» EXERCISE
What should be copied is the stretch of entries below from the line with "۱۶ پرومکس|موبایل|اصفهان, احمدآباد|دیوار" up to and including the line with "Luray - Veste de pluie", exactly and without images.

» RECORD EXTRACTS
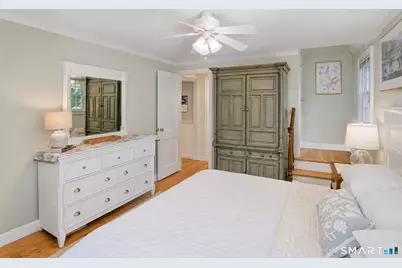 141 Head Of Meadow Road, Newtown, CT 06470 - Photo 22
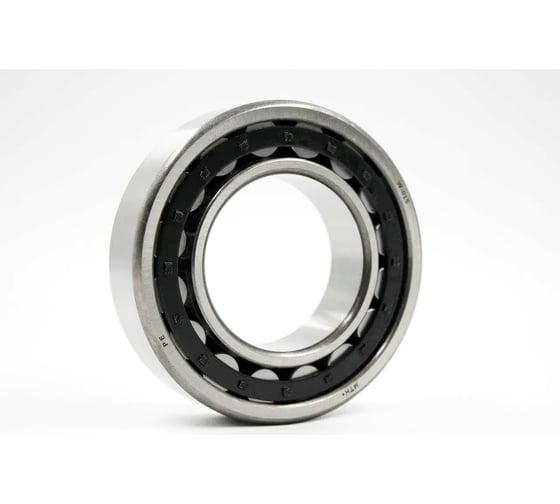 Подшипник MTK+ NJ 307 E/C3 4656759994402 1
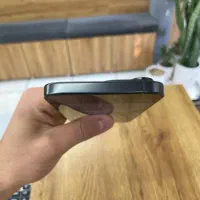 ۱۶ پرومکس|موبایل|اصفهان, احمدآباد|دیوار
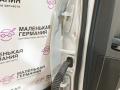 дверь задняя правая Mercedes-Benz E-Класс W212 [рестайлинг] W212 2013, 2.0 л., M 274.920, бензин, АКПП, 775 iridiumsilber, седан, задний привод, правый руль, A2127303405 - фото №47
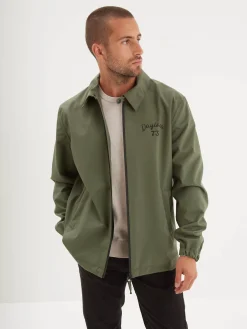 Luray - Veste de pluie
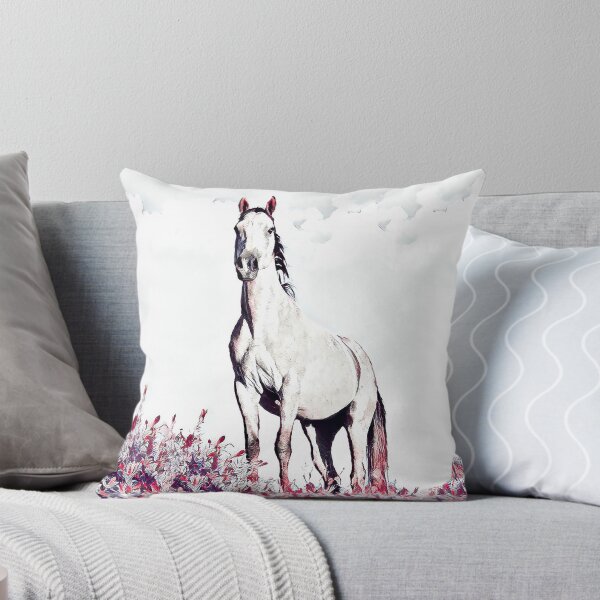 Item preview, Spirited designed and sold by horseymj1.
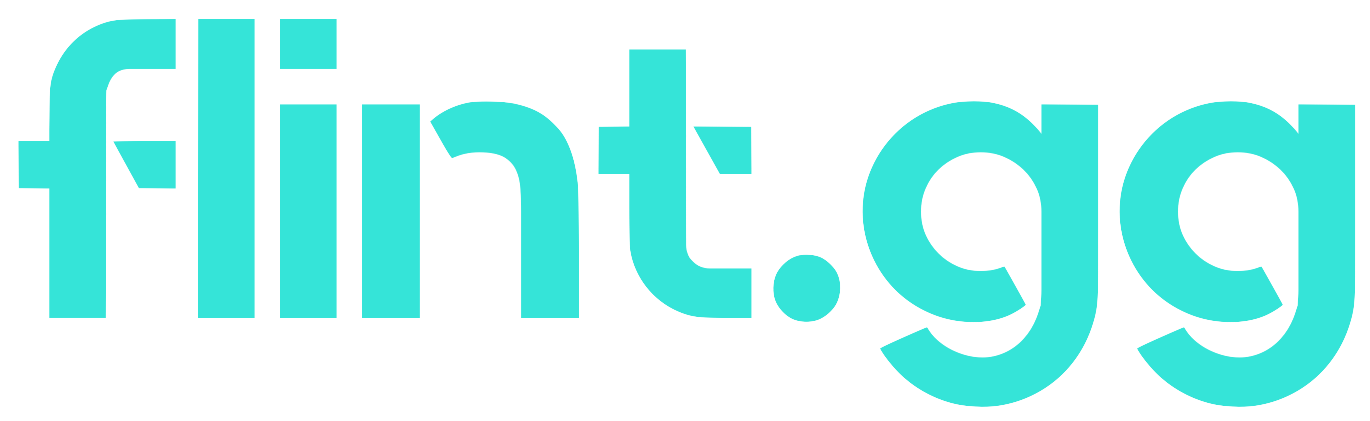 flint_logo_text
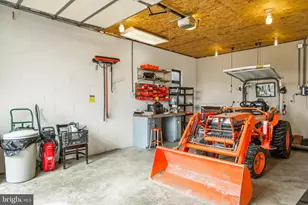 21809 Aquasco Rd, Aquasco, MD 20608 - Photo 53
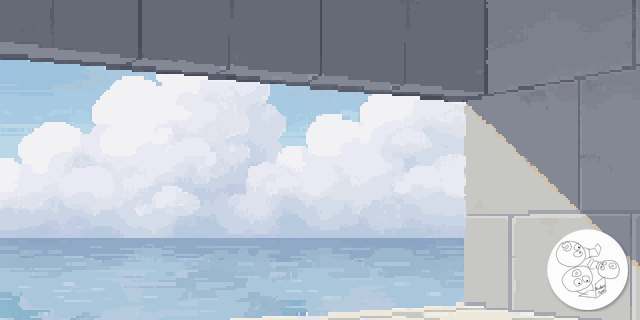 sea_fog_bank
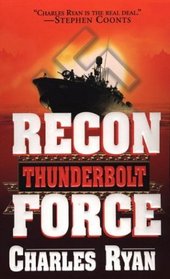 Recon Force: Thunderbolt: Recon Force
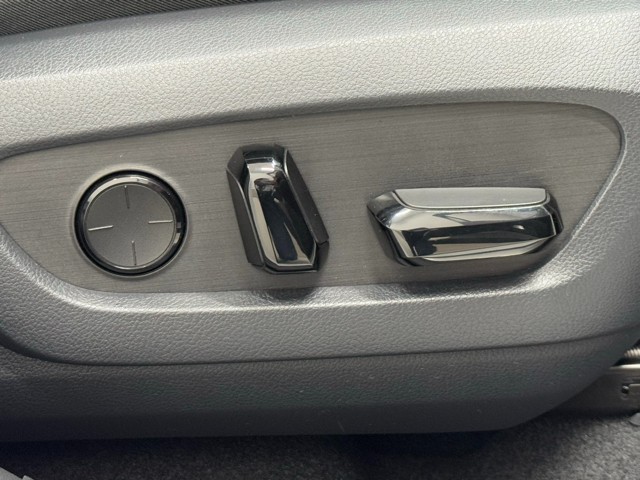 レクサス NX350h VersionL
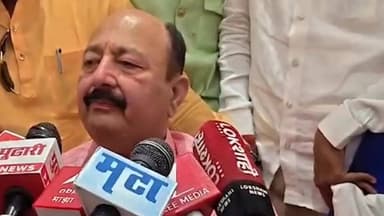 सांगोला: भविष्यात भाजप सोबत जाण्याचा निर्णय होऊ शकतो : माजी आमदार दीपक आबा साळुंखे पाटील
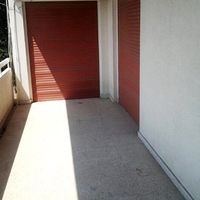 Flat in Republic of Cyprus, Lemesou, 200 sq.m.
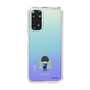 Slim Protection Case［ BLUELOCK - Mini - Isagi Yoichi ］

» ANSWER TO THIS EXERCISE
 ۱۶ پرومکس|موبایل|اصفهان, احمدآباد|دیوار
 дверь задняя правая Mercedes-Benz E-Класс W212 [рестайлинг] W212 2013, 2.0 л., M 274.920, бензин, АКПП, 775 iridiumsilber, седан, задний привод, правый руль, A2127303405 - фото №47
 Luray - Veste de pluie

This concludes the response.